Cyber resilience lags behind sector complexity. According to the World Economic Forum’s Global Cybersecurity Outlook 2025, the increased adoption of AI and growing interdependence of supply chains are escalating systemic risk more rapidly than organizations can develop the necessary skills to manage it. This results in a growing operational gap, rather than just a lack of tools.

Verizon’s 2025 Data Breach Investigations Report reveals that the exploitation of vulnerabilities, configuration errors, and human errors remain major causes of data breaches. Only about half of perimeter vulnerabilities are fully patched, with the median patch deployment time still counting in weeks. This is not a technological availability issue, but an execution problem.

Complexity without mastery increases risk

Security environments are more automated and interconnected than ever, yet daily operations often rely on fragmented knowledge and inconsistent processes. When teams do not fully understand the controls in their own environments, small configuration errors can turn into systemic failures. Industry studies increasingly show that operational capability is the differentiating factor between organizations that contain incidents and those that suffer from them.
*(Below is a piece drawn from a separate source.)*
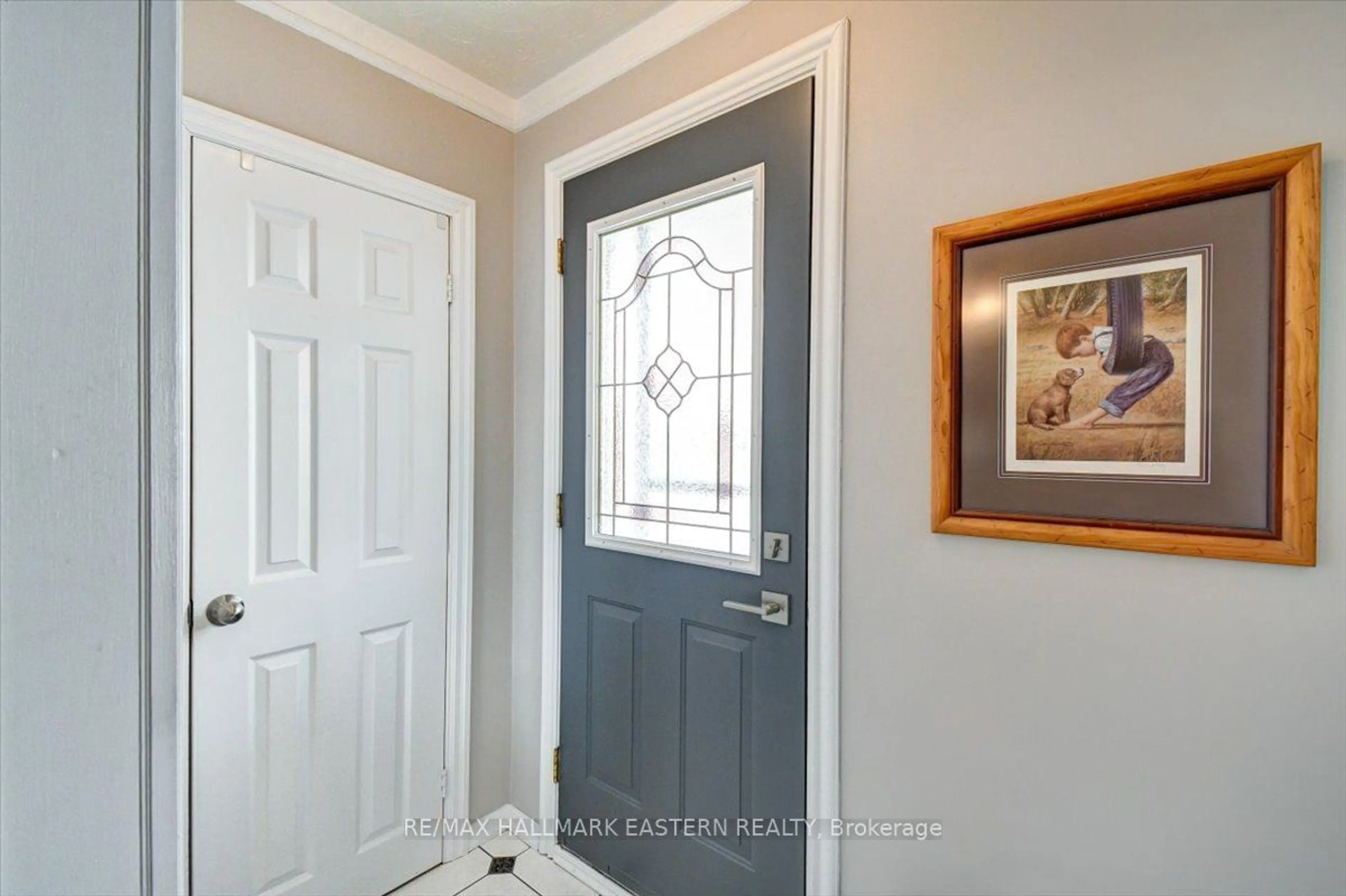 Indoor entryway for 1000 Applegrove Ave, Oshawa Ontario L1H 1S7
This leads to a broader shift, moving away from generic and theoretical training towards models that prioritize practical applications. The focus is now on how teams configure, govern, and respond in real-world situations, especially in terms of identity reinforcement, automation oversight, and incident response readiness. These are precisely the weaknesses most often identified in data breach investigations.

Operational capability shows measurable results

As organizations rethink how skills translate into resilience, private and tailored training in their specific environment plays an increasingly essential role. The key lies less in learning new features than in reducing operational blind spots: understanding production configurations, the interaction between automation and identity control, and the insidious risks associated with complexity.